US: President Bush yesterday provided an extraordinary display of support for the visiting Palestinian Prime Minister, Mr Mahmoud Abbas, by declaring that, along with Israel's Prime Minister, Mr Ariel Sharon, the two leaders could bring a "bright future" to their peoples.
At a joint White House appearance after hosting Mr Abbas for the first time, Mr Bush called Mr Abbas "this good man". After Mr Abbas had delivered his prepared remarks, Mr Bush patted him on the back, telling him "good job".
He said his guest had "vision, courage and determination".
The President also praised Mr Abbas's Minister of Finance as "a man of his word", and his Minister of Security as "a good, solid man". In short, he said, "I am gaining confidence in the Palestinian Prime Minister and his great cabinet".
All of this could not have contrasted more sharply with Mr Bush's depiction last year of the regime of the Palestinian Authority's President Yasser Arafat as being compromised by terrorism. Indeed, he would not be standing side by side with Mr Abbas, Mr Bush said, were it not for his belief in the Palestinian Prime Minister's commitment to "fight off the terrorist activity".
Such praise notwithstanding, Mr Abbas himself repeatedly stresses that he defers to and reports to Mr Arafat, and it is Mr Arafat who enjoys the support and confidence of most Palestinians.

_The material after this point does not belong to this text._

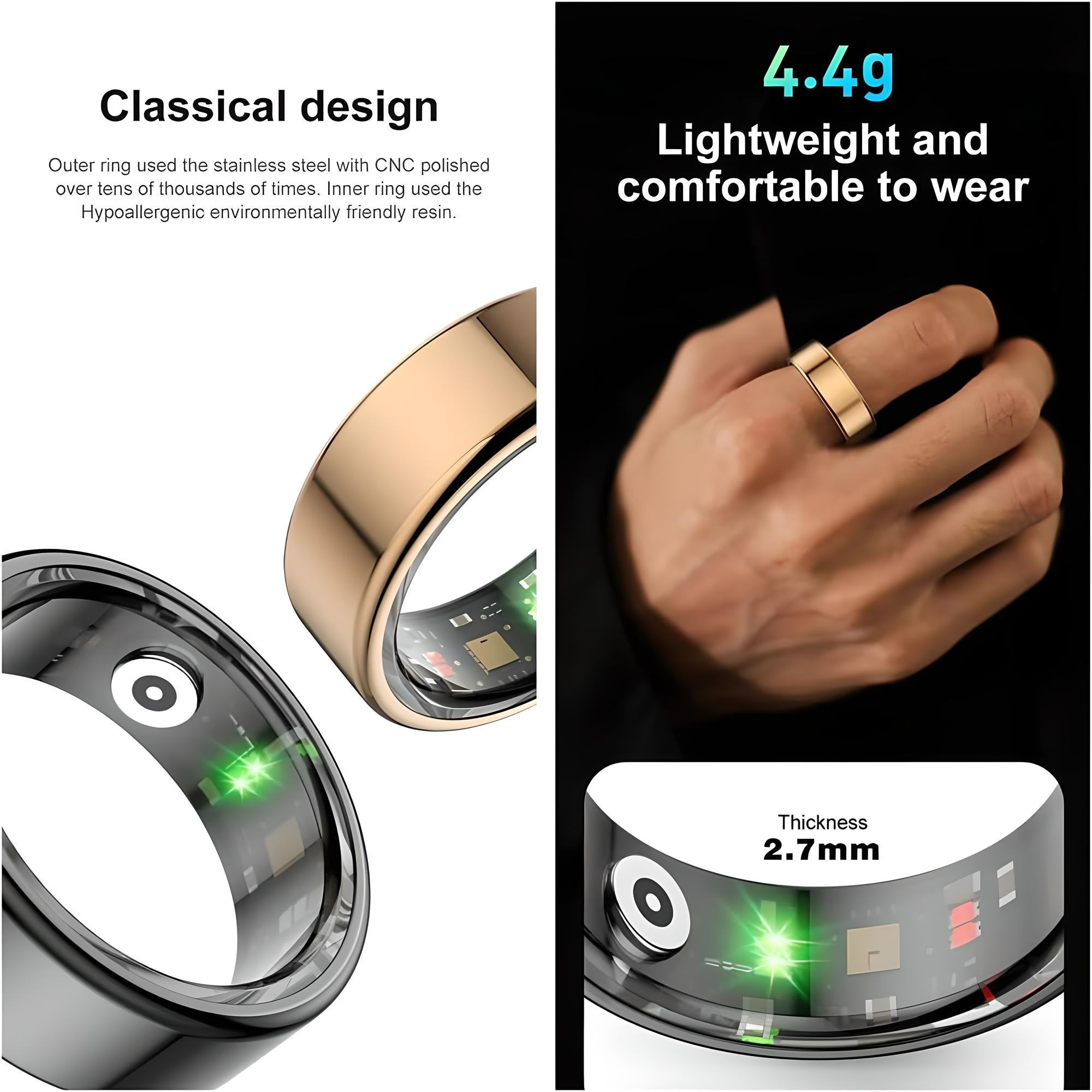 Lumio Smart Ring - 24/7 Activity & Sleep Tracker - Lumio®RLTCJYD201426250XCRose Gold7 (54.4 mm)Lumio Smart Ring - 24/7 Activity & Sleep Tracker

Beyond the praise, Mr Bush outlined positions that accorded with many of the demands Mr Abbas put to him during their talks. He urged Israel to remove the checkpoints that limit Palestinian movement between West Bank cities; hours earlier an Israeli announcement had promised that some checkpoints would be dismantled.
He endorsed Mr Abbas's objections to the so-called "security fence" that Israel is constructing, mainly inside the West Bank.
"I think the wall is a problem. It is very difficult to develop confidence with a wall snaking through the West Bank."
Mr Bush also said he would continue to discuss the issue of Palestinian prisoner releases with both sides.
Mr Sharon is due in Washington on Tuesday, and has indicated that 400-600 prisoners will be freed soon, including some from Hamas and Islamic Jihad.
Many of those expected to go free are detainees who have never been charged, but some were convicted of offences linked to attacks on Israelis. Others come from prominent positions in Hamas.
There have also been reports, thus far unconfirmed, that as many as 3,000 prisoners may be released - almost half of all those being held - as part of a wider agreement which would see Mr Azzam Azzam, an Israeli jailed by Egypt for spying, also released.
Perhaps most dramatically, Mr Bush referred twice to his desire for "the need to end settlements", placing this call in the context of the Palestinian leadership's need to root out terrorism.
If terrorism was thwarted, he said, then Israel would have the confidence to move forward on the settlement issue. In the meantime, he called for further progress by Israel in removing illegal settlement outposts.
Underlining the US commitment to Palestinian statehood, Mr Bush also announced the establishment of a joint Palestinian Economic Development Group to help build a "solid economic foundation for a free and sovereign Palestinian state".
Mr Abbas, for his part, pledged to continue "implementing our security and reform obligations" to bring "security for all".
He also called on Israel to lift the siege on Mr Arafat in Ramallah (Mr Bush, tellingly, had no comment on this), fully freeze settlement building, dismantle the new security wall, agree a "just solution" to the Palestinian refugee issue and generally move ahead less hesitantly.
The new era required "the courageous logic of peace, not the suspicious logic of conflict".
Mr Sharon has met Mr Abbas four times in recent weeks, and has praised his commitment to ending the armed intifada. However he is demanding an aggressive campaign to dismantle Hamas, Islamic Jihad and other extremist groups, a demand echoed by Mr Bush.
Mr Abbas is resisting the pressure for such action, declaring yesterday that where Israel's "military might" had failed he had fostered the current relative calm through internal dialogue.
In an announcement plainly timed to demonstrate goodwill, Israel said shortly before the Bush-Abbas meeting that it would soon withdraw its forces from two more West Bank cities, following the pullback earlier this month in Bethlehem - winning immediate praise from Mr Bush.
Given the relative calm since most Palestinian factions agreed an intifada ceasefire three weeks ago, Israel also said it would issue 8,500 more permits for Palestinians to work in Israel.
Until the "second intifada" erupted almost three years ago, more than 100,000 Palestinians worked legally in Israel
Meanwhile, in more of the sporadic violence that has dogged the ceasefire, a five-year-old Palestinian boy was killed by machine-gun fire from an Israeli armoured personnel carrier just inside the northern West Bank.
Mahmud Qabha was killed and two of his sisters were wounded when their car was hit by heavy gunfire. Eyewitnesses said the shooting was unprovoked.
The Israeli army immediately apologized, saying the shooting was the result of "an operational mistake", and that the gun had gone off accidentally.